> _WHAT YOU ARE ASKED TO DO_: Reproduction without pictures: print every entry precisely as written.
Start of THE DATA
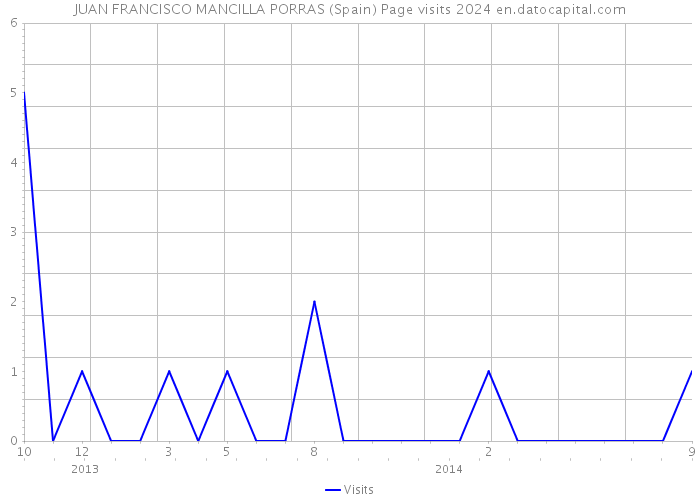 JUAN FRANCISCO MANCILLA PORRAS (Spain) Page visits 2024 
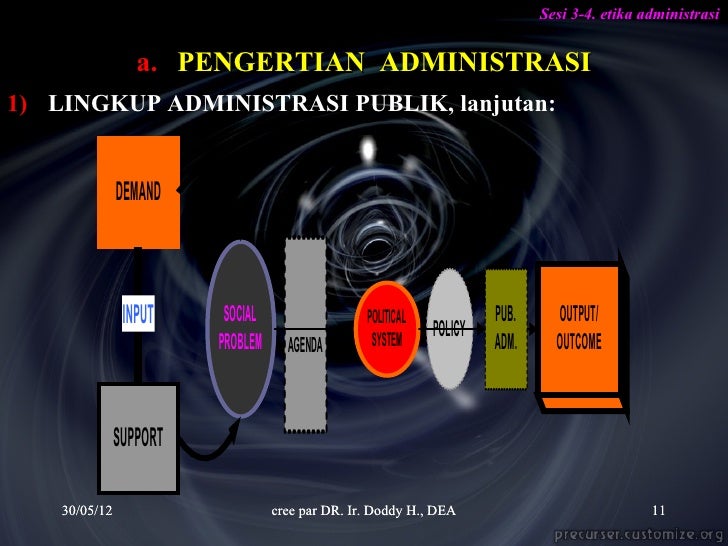 Etika administrasi temu 3 4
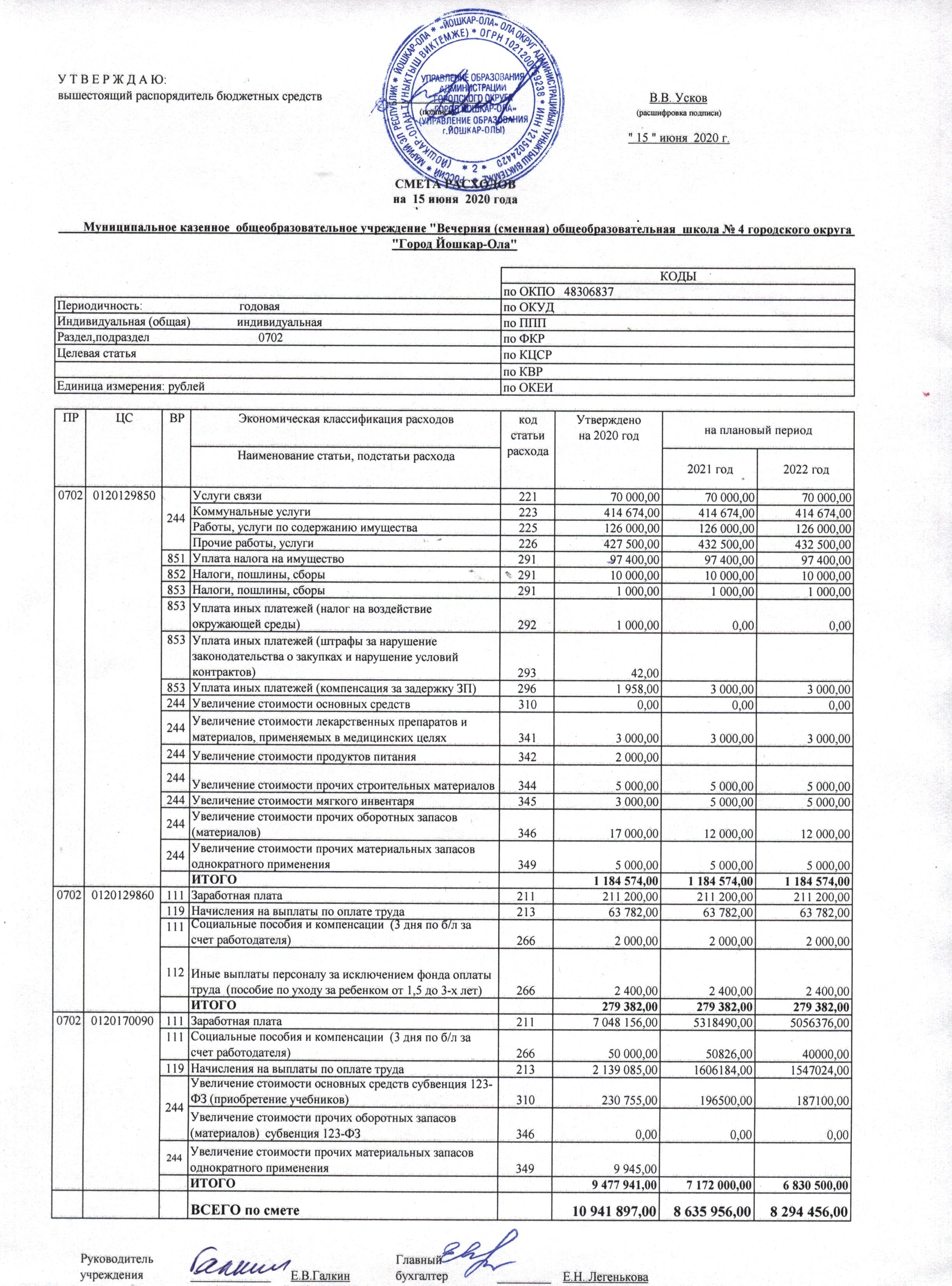 Образец сметы расходов бюджетного учреждения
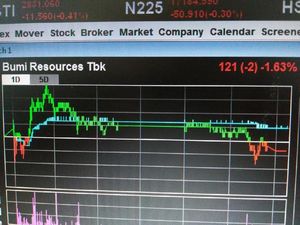 Sudah Naik Tinggi, Saham BUMI Turun 1,63%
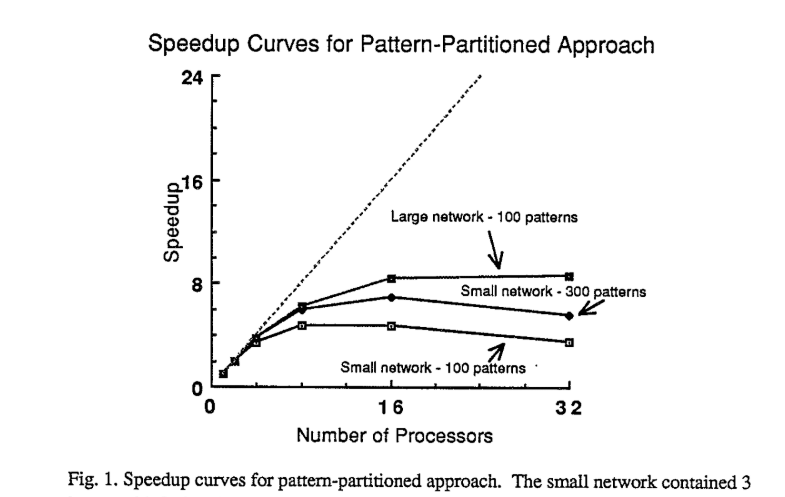 Ускорение обучения методом разбиения по шаблонам. Маленькая нейросеть состоит из трёх слоёв с 9, 4 и 2 нейронами. Большая — с 10, 21 и 10.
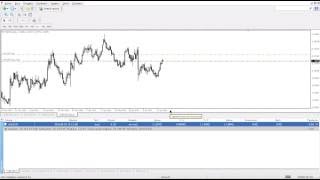 Торговля на ФОРЕКС в один клик в торговом терминале МТ4. #aofx #forex Торговля на ФОРЕКС в один клик в торговом терминале МТ4. #aofx #forex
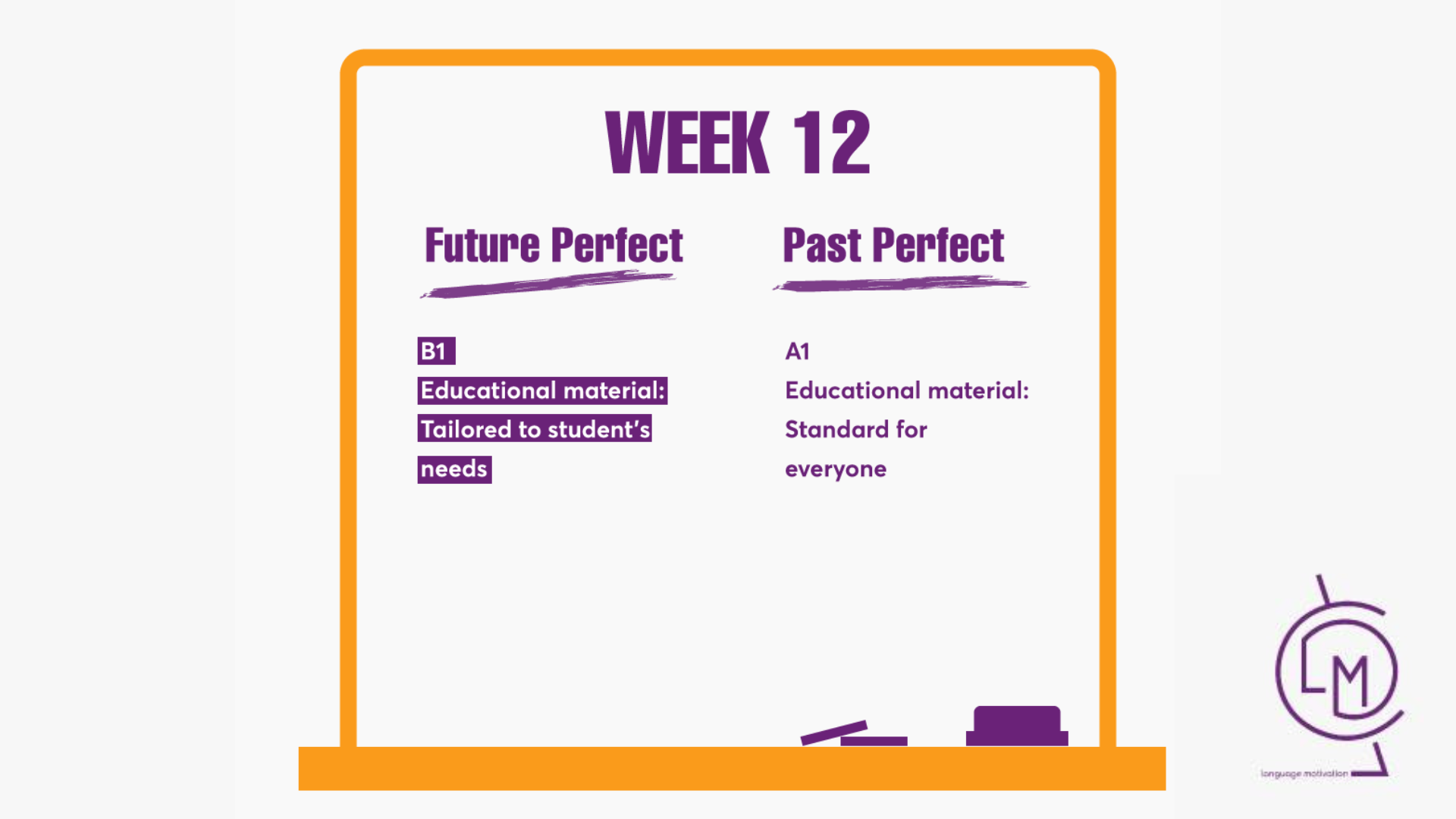 Future Perfect vs Past Perfect -> Week 12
End of THE DATA
> _OUTPUT BELOW_:
 JUAN FRANCISCO MANCILLA PORRAS (Spain) Page visits 2024 
 Etika administrasi temu 3 4
 Образец сметы расходов бюджетного учреждения
 Sudah Naik Tinggi, Saham BUMI Turun 1,63%
 Ускорение обучения методом разбиения по шаблонам. Маленькая нейросеть состоит из трёх слоёв с 9, 4 и 2 нейронами. Большая — с 10, 21 и 10.
 Торговля на ФОРЕКС в один клик в торговом терминале МТ4. #aofx #forex Торговля на ФОРЕКС в один клик в торговом терминале МТ4. #aofx #forex
 Future Perfect vs Past Perfect -> Week 12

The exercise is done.